Published: Fri, October 12, 2018
Business | By Eloise Houston

Jamal Khashoggi: Turkish media claims footage identifies Saudi men behind disappearance

Jamal Khashoggi: Turkish media claims footage identifies Saudi men behind disappearance

The country has indicated it would allow Turkish authorities to carry out a search of the consulate.

A joint Turkish-Saudi team will investigate the disappearance of Saudi journalist Jamal Khashoggi upon the kingdom's request, Presidential Aide Ibrahim Kalın said late Thursday. The U.S. and Saudi Arabia concluded arms sale agreements worth more than $65 billion, from FY2009 through FY2016.

The Saudi ambassador to Washington, Prince Khalid bin Salman bin Abdulaziz, has described the allegations as "malicious leaks and grim rumors" and said the kingdom is "gravely concerned" about Khashoggi.

WWE's continued business in Saudi Arabia remains a hot-button topic in professional wrestling, particularly with Crown Jewel (2 November) right around the corner, and's Wade Keller has this week highlighted a damning new Washington Post article on current USA/Saudi relations. It has offered no evidence to support its claim the writer simply walked out of its consulate and vanished despite his fiancée waiting outside for him.

Turkish media released police CCTV surveillance videos said to be of a Saudi "assassination squad". Turkey's President Recep Tayyip Erdogan asked at a press briefing.

The other six flew in on commercial flights, according to a list obtained by Sabah, which also published their names and faces. Media also reported the possibility Mr Khashoggi was taken aboard one of the private planes.

It is said some of the men went into the Saudi consulate before Mr Khashoggi.

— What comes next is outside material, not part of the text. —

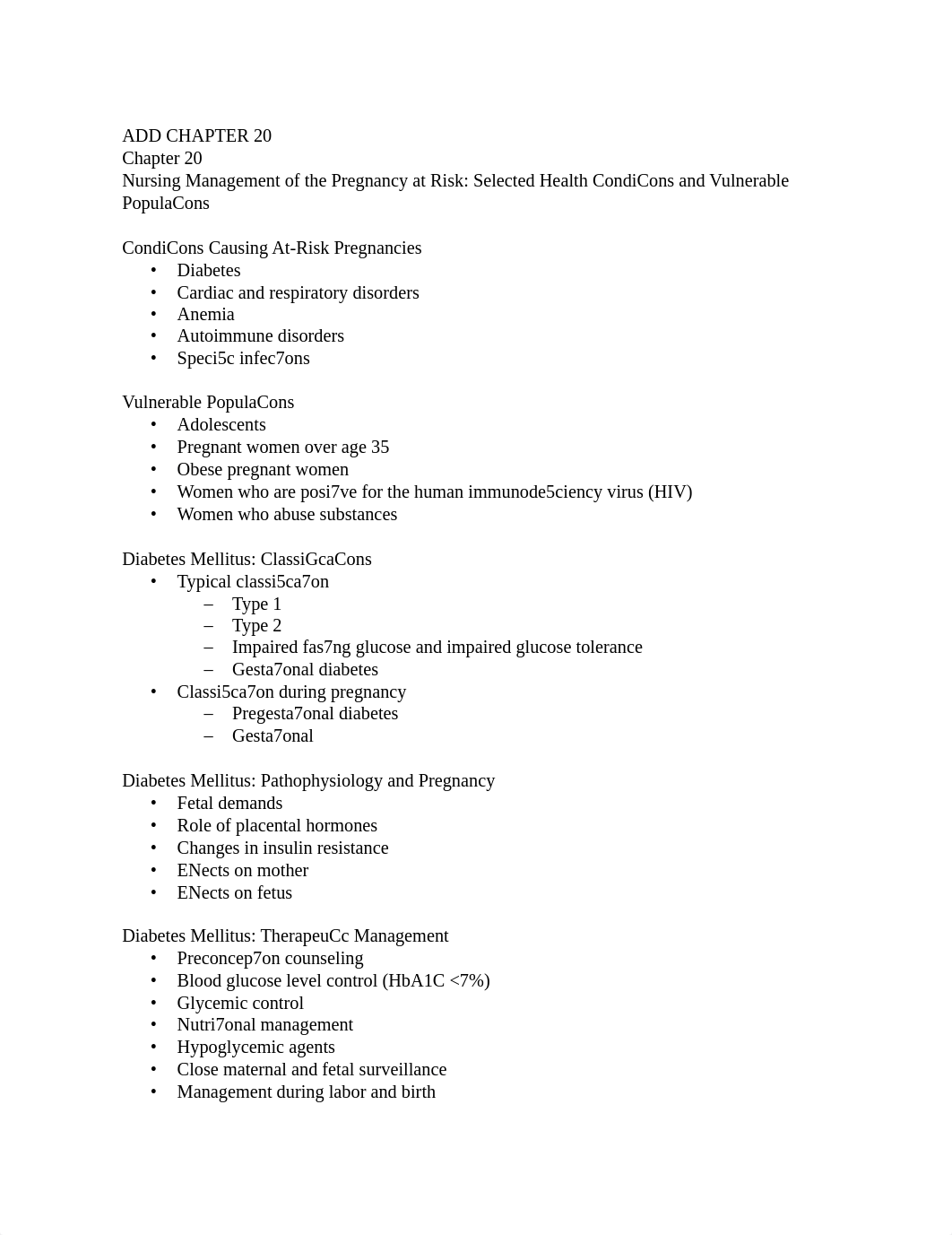 OB Exam 2 Chapter 20.pdf_du6jpar3erq_page1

The Magnitsky Act is named for Sergei Magnitsky, a Russian lawyer who died in a Moscow prison after he reported tax fraud involving government officials. The reaction from European governments has also been cautious - in part because of uncertainty over whether strained relations between Ankara and Riyadh might have colored Turkey's reporting of events.

Saudi officials say Khashoggi left through an alternate exit, but have offered no proof to support that contention.

Erdogan was quoted by Turkish media on Thursday as telling journalists flying with him back home from a visit to Hungary that "we can not remain silent to such an incident".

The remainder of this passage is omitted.